What you are asked to do -> Copy the data exactly. Images are to be left out.

Data below ->
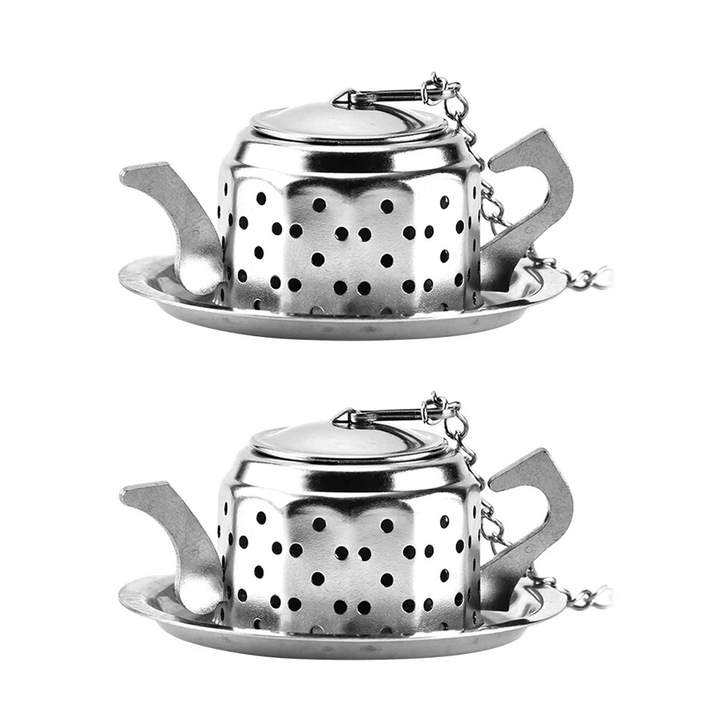 Set 2 infuzoare ceai din inox, forma ceainic, 3.3x3.3x2.5cm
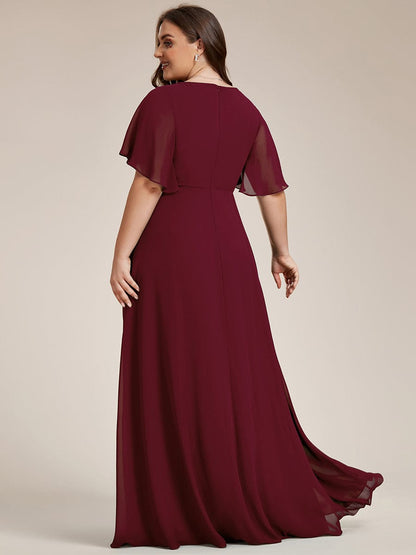 Graceful Plus Size Floral A-Line Chiffon Evening Dress with Short Sleeves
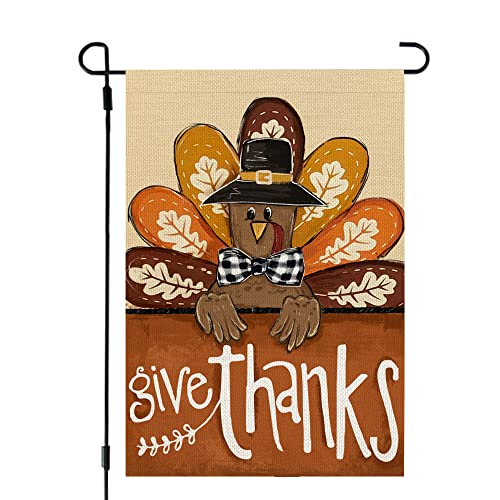 CROWNED BEAUTY Fall Thanksgiving Garden Flag 12x18 Inch Double Sided for Outside Burlap Give Thanks Turkey Seasonal Autumn Yard Decoration CF1019-12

Answer section ->
 Set 2 infuzoare ceai din inox, forma ceainic, 3.3x3.3x2.5cm
 Graceful Plus Size Floral A-Line Chiffon Evening Dress with Short Sleeves
 CROWNED BEAUTY Fall Thanksgiving Garden Flag 12x18 Inch Double Sided for Outside Burlap Give Thanks Turkey Seasonal Autumn Yard Decoration CF1019-12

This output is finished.